The initial premise of this thoughtful, low-key summer exhibition is to show how the self-image of the artist evolved over the course of the 19th Century from that of the highly-skilled artisan in the days before Sir Joshua Reynolds to that of the Romantic hero, the tortured genius and rebel against society, as demonstrated through the self-portraits of the artists themselves.
The title is a slight misnomer - whilst the main focus of the exhibition is of the Artist as Outsider, cut off from decent society by his genius, his poverty or his Bohemian way of living, there is also a section on the artist as Dandy or Flaneur as typified by Fantin-Latour's exquisite portrait of Manet in top-hat and tails. Yet even this was a conscious statement, reflecting the "cult of self" written about by Baudelaire in "The Painter of Modern Life". This self-conscious pose was exemplified by artists such as Oscar Wilde, Aubrey Beardsley and Whistler.
The exhibition rescues the struggling artst from the realms of cliche, and embeds him firmly within the philosophical movements of the 19th Century. For the first time - possibly with the exception of Rembrandt - the artist is representing himself as an individual rather than as an artisan-producer of works on demand for clients. The emergence of this Romantic sense of the Individual is a key theme of the exhibition.

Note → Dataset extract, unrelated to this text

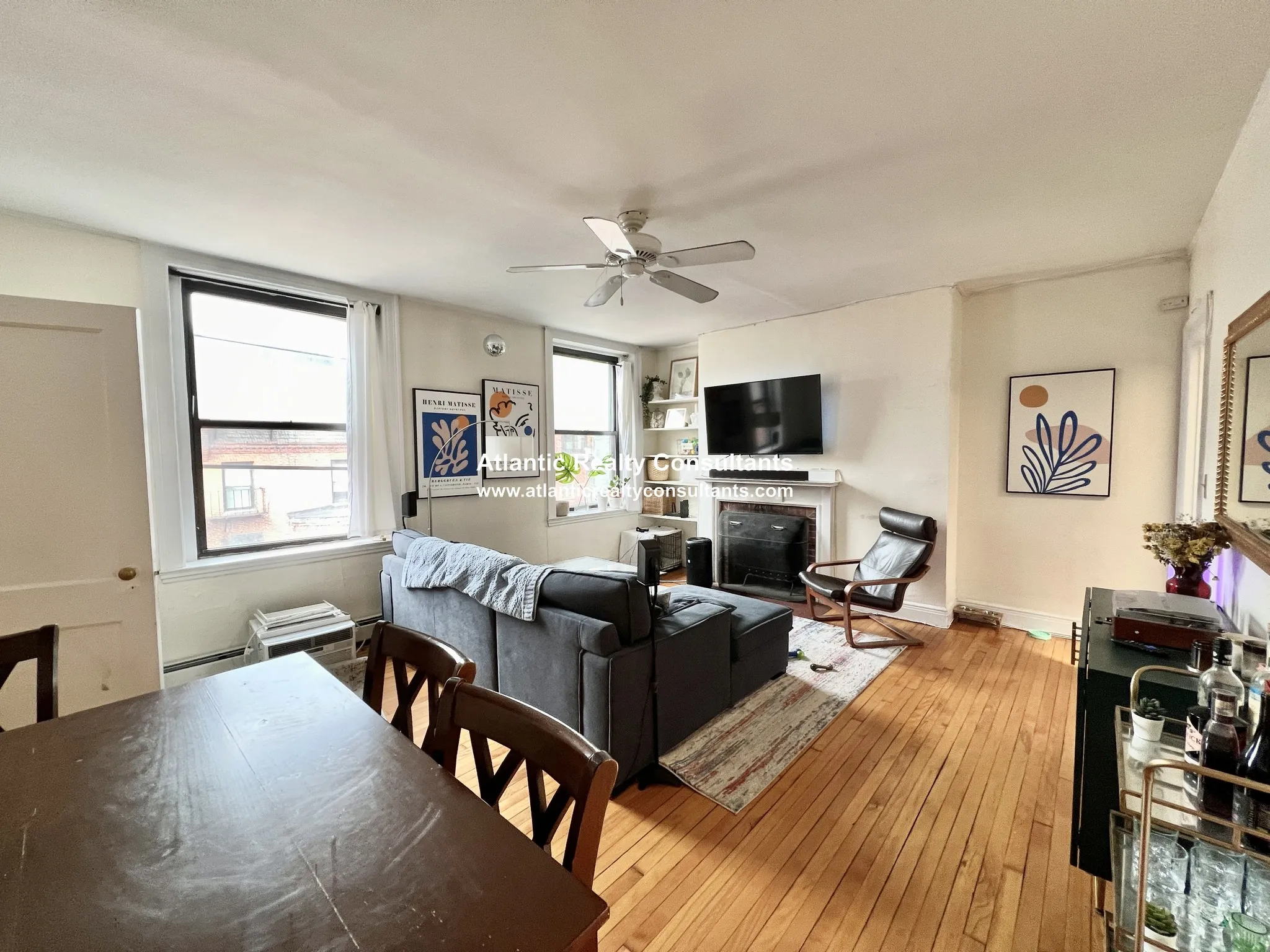 2 bed, 1 bath apartment for rent at 191 Marlborough St Unit PH, Back Bay — photo 2 of 10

Whilst the works on display are seldom of the highest order, they have been selected for what they show, not how they show it. The result is often unfamiliar, and, in the case of Victor Emil Janssen's "Self-Portrait with Easel", or Paula Modersohn-Becker's "Self-Portrait on her Sixth Wedding Anniversary", exceptionally striking. Overall, they contribute to a low-key but intelligent, well-constructed exhibition.